Among the records, how many lines carry the string "Edition"? Give that number with nothing added.

(Provided information begins)

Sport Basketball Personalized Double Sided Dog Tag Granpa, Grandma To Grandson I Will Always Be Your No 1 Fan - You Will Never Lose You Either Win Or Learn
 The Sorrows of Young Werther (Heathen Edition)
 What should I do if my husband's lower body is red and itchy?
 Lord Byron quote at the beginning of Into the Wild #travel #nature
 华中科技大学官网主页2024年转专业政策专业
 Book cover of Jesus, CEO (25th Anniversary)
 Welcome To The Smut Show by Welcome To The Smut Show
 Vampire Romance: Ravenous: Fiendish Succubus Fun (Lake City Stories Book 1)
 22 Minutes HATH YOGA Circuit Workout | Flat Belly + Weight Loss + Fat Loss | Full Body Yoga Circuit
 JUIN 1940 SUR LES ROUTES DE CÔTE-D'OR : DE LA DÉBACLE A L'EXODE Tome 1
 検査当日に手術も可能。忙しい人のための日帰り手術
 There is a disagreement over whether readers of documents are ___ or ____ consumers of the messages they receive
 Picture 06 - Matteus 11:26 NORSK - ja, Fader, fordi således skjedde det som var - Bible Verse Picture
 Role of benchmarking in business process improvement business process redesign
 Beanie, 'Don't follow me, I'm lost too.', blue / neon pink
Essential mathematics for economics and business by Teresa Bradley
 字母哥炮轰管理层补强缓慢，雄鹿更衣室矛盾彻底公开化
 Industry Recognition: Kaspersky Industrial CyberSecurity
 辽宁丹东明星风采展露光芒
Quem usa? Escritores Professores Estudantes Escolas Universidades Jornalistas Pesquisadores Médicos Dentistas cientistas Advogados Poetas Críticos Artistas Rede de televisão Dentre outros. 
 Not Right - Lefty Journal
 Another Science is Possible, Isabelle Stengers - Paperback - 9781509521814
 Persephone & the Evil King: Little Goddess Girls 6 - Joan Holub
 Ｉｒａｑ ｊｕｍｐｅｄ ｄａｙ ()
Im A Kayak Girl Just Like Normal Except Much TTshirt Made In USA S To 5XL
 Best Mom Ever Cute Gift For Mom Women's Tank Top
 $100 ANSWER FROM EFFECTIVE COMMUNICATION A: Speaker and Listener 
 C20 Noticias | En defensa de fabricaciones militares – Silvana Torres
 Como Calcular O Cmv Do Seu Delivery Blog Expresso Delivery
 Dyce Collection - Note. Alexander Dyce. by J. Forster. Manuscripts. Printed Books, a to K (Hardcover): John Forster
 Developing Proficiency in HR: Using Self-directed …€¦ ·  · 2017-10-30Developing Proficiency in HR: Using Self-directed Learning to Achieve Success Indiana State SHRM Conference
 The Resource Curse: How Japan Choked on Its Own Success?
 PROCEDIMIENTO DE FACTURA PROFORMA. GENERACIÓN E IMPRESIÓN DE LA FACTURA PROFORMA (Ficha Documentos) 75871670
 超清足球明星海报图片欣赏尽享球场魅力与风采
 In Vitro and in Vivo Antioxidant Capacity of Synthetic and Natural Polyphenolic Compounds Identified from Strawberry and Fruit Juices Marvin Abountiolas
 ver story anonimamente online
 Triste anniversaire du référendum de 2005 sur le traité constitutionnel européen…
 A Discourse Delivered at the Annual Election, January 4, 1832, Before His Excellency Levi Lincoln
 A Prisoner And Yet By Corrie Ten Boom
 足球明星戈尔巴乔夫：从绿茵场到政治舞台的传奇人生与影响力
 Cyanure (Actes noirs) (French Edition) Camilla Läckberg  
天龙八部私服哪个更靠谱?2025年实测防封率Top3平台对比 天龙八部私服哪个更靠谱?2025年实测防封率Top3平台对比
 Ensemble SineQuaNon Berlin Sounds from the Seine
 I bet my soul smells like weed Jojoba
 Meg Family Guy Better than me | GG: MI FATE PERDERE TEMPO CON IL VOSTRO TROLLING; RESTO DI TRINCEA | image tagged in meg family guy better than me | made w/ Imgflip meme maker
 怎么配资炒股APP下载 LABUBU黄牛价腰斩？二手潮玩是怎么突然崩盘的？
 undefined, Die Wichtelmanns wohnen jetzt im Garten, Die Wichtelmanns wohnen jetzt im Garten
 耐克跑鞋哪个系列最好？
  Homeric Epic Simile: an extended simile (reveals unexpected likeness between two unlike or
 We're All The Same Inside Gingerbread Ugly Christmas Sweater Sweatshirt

(Provided information ends)

- Output of the task
2